*** Opening Material provided ***

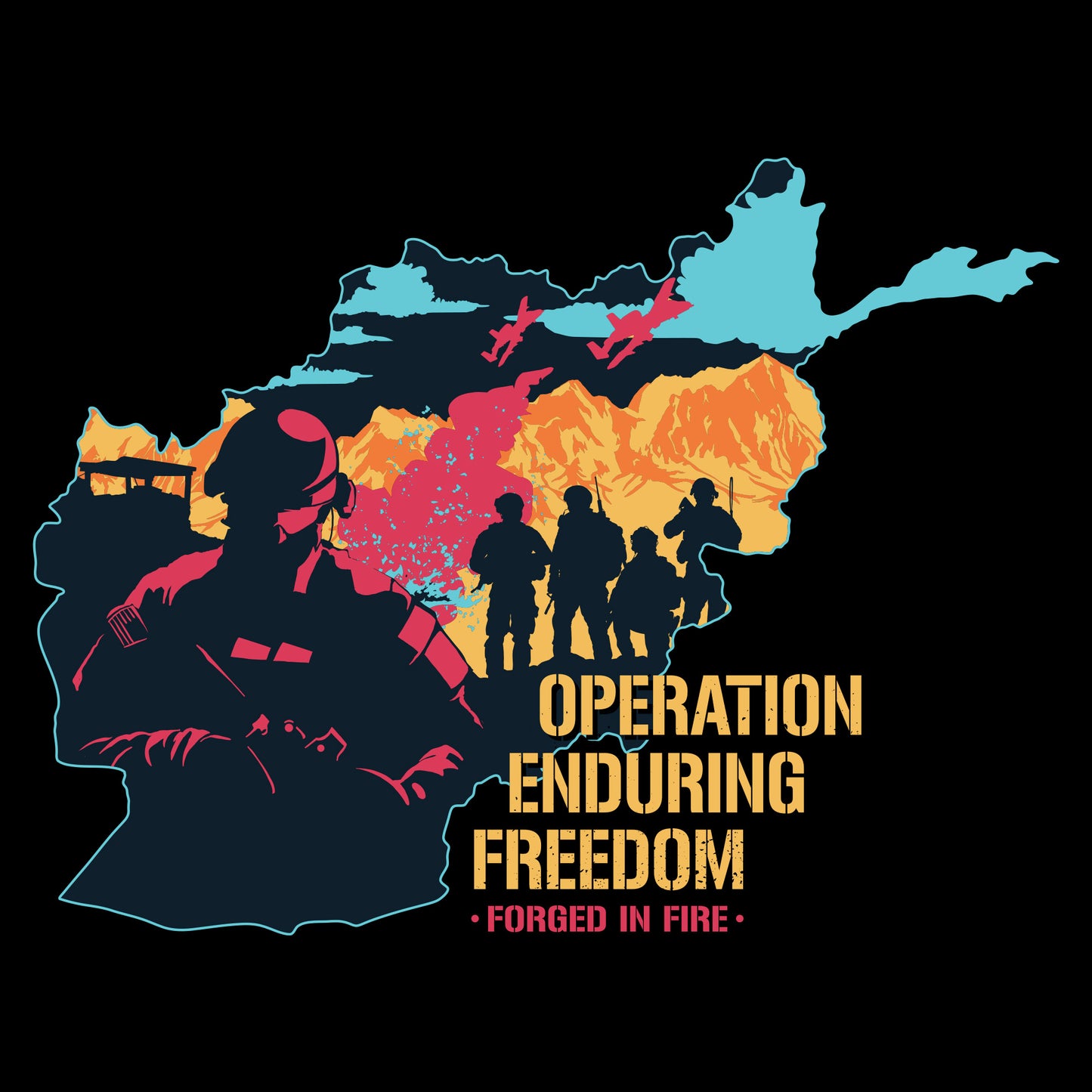 operation enduring freedom military tshirts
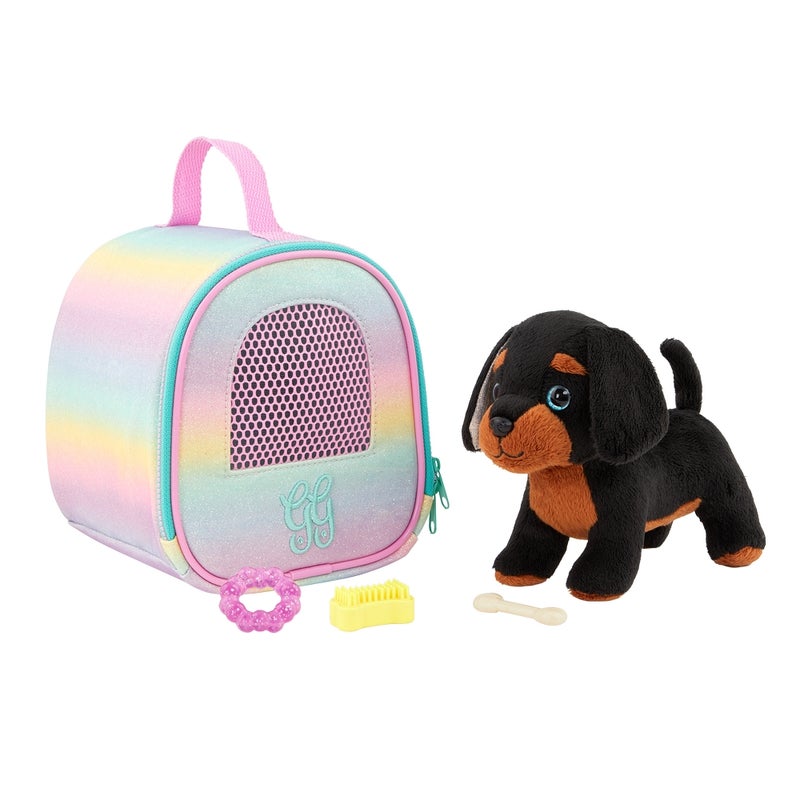 Glitter Girls - Slim Teckel Pet with Pup Carrier Set - GG57220Z - Image 1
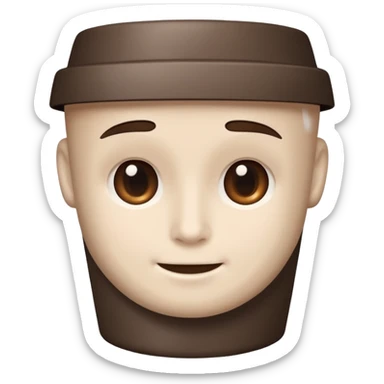 less details on the face, maybe a mix of the cup with 🙂 sticker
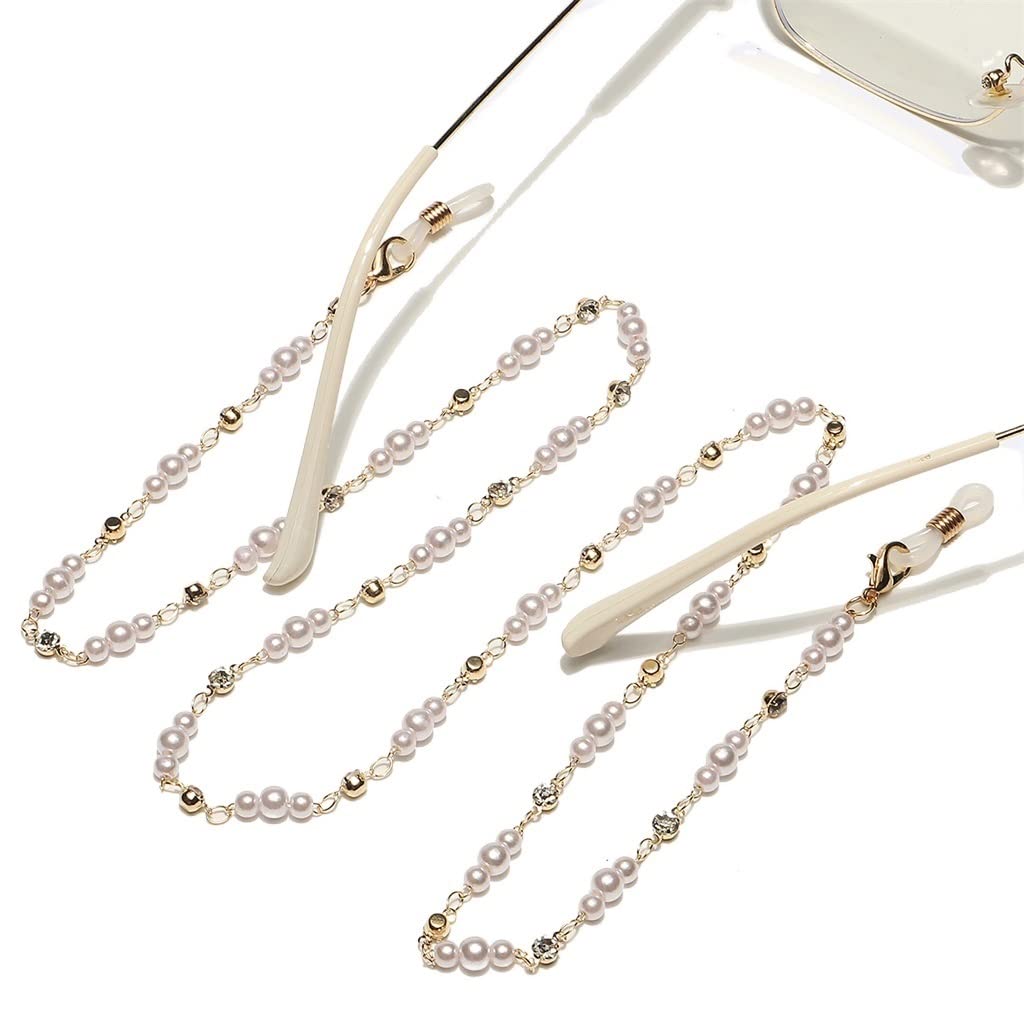 Miedziane koraliki Perłowe okulary Smycz Naszyjnik Łańcuszek do okularów Anti-loss i Anti-drop Glasses Rope
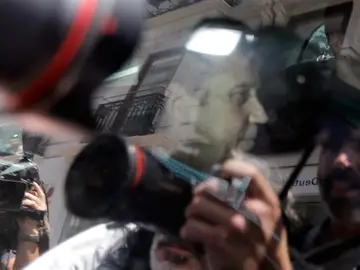 Zaplana, durante el traslado Zaplana, durante el traslado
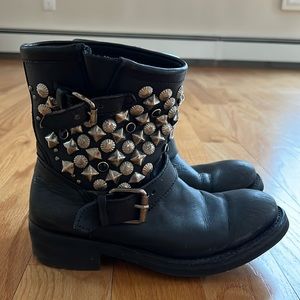 Ash studded moto boots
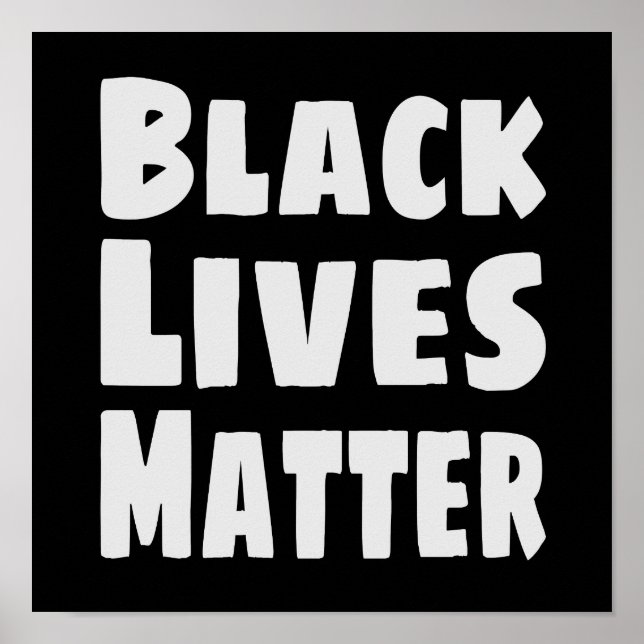 Póster Las vidas negras importan BLM (Frente)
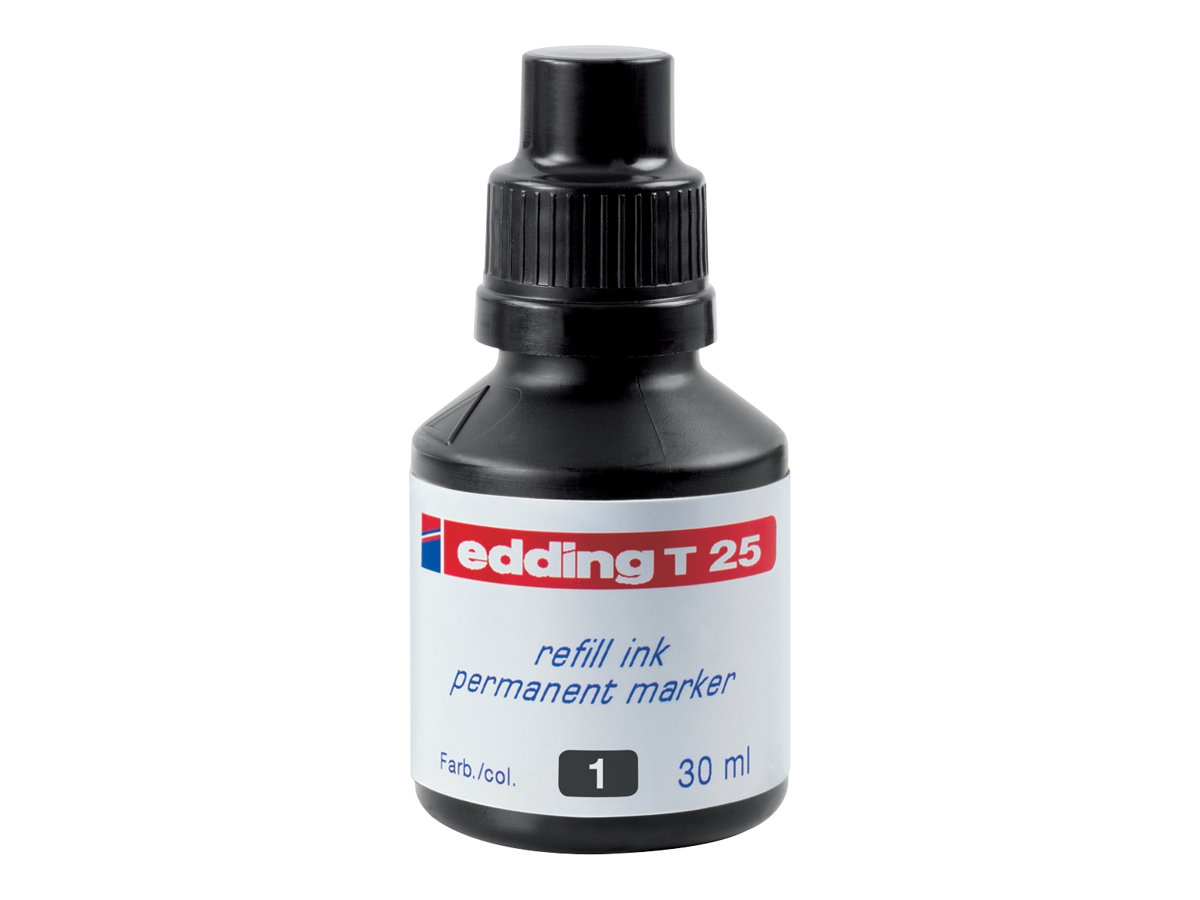 EDDING T 25 - Tinte - permanent - Schwarz - 30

*** Closing Material provided ***

Please output the lines of the records above from the one with "Ash studded moto boots" through the last, exactly as they appear and with both ends included; skip any pictures and add nothing.

 Ash studded moto boots
 Póster Las vidas negras importan BLM (Frente)
 EDDING T 25 - Tinte - permanent - Schwarz - 30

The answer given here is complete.